🔍 Research! That will fix things!

  • At the expanded points of the two diamonds, you may feel overwhelmed. That’s because you’ve gathered all the data but refrained from processing it. Once you start processing it, the feeling will dissipate. Trust in synthesis.
  • Synthesis uses a different part of the brain (”right brain”). It requires you to step away from the detail and see the pattern. It also requires a bit of processing time, sometimes via sleep, walking, exercise, reading, movement, or meditation. It’s less verbal, and can be facilitated by other modes like post-it notes, drawing, etc. Designers get you to do this stuff because it helps you make connections you couldn’t make in a more verbal/analytical “left brain” mode.
  • The right amount of research is the amount that allows you to decrease risk to a point that is tolerable for the team.
  • Doing the research is important, but making sure the research gets acted on is more important. Research theatre is an expensive, useless virtue signalling practice that will no only devalue research over time but will harm the organisation by creating inventory buildup.
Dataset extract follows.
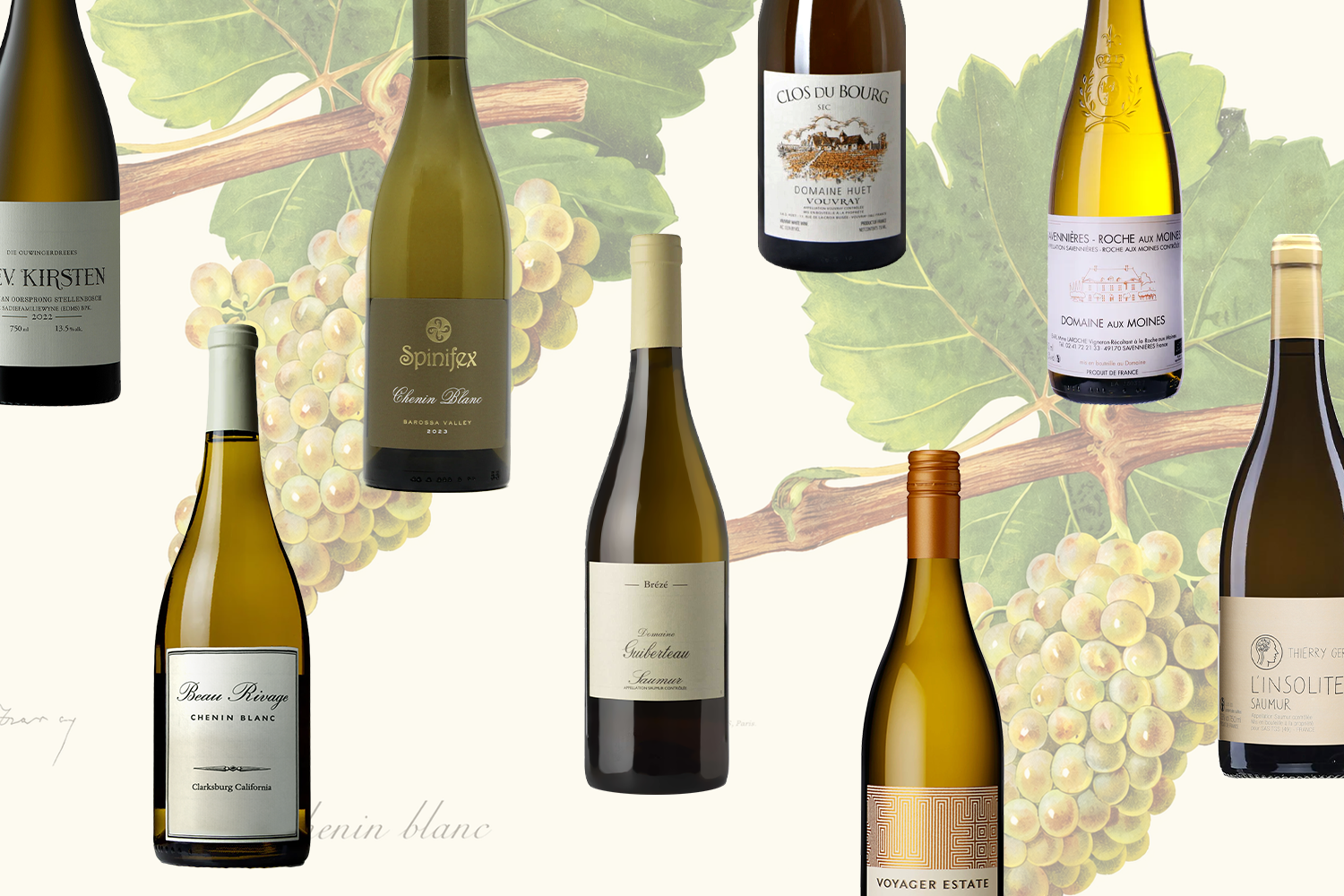 Chenin Blanc in Focus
ResearchOps: also not a silver bullet, sorry

  • ResearchOps (see: DesignOps) submits itself as the most important new practice of the current era.
    • Identifiable through:
      • Research repositories
      • Participant management systems
      • Templates and playbooks
      • Guilds and regular practice meetings
    • In particular, research repositories attract a level of respect that possibly they do not deserve considering that many of them are disorganised and impenetrable, simply acting as a trophy cabinet to all the research missions that the team managed to complete but not regularly used by the team as a source of input on decisions throughout the implementation process.
    • As Eliyahu M. Goldratt describes in The Goal, systems can be described as having buildups of inventory.
      • In an org with low research maturity, research activities are not happening.
      • As orgs approach higher levels of maturity, research activities start to become more common, and research itself may start to form as a department. At this stage, research findings start to build up as inventory, as the org isn’t yet set up to value research and implement research, simply conduct it.
        • Sadly, research has a half-life, and over time inventory buildup gets more and more stale. What could have been extremely expensive projects end up filed away, and eventually the stakeholders involved in the research are no longer around to advocate for its implementation, and inevitably the org repeats the research with new stakeholders. I call this rediscovery.
      • Once an organisation has effectively grown to a higher level of research maturity, research outcomes are regularly being put into action by teams, and roadmaps not only rely on research for evaluation but have space for emergent findings to influence delivery activities.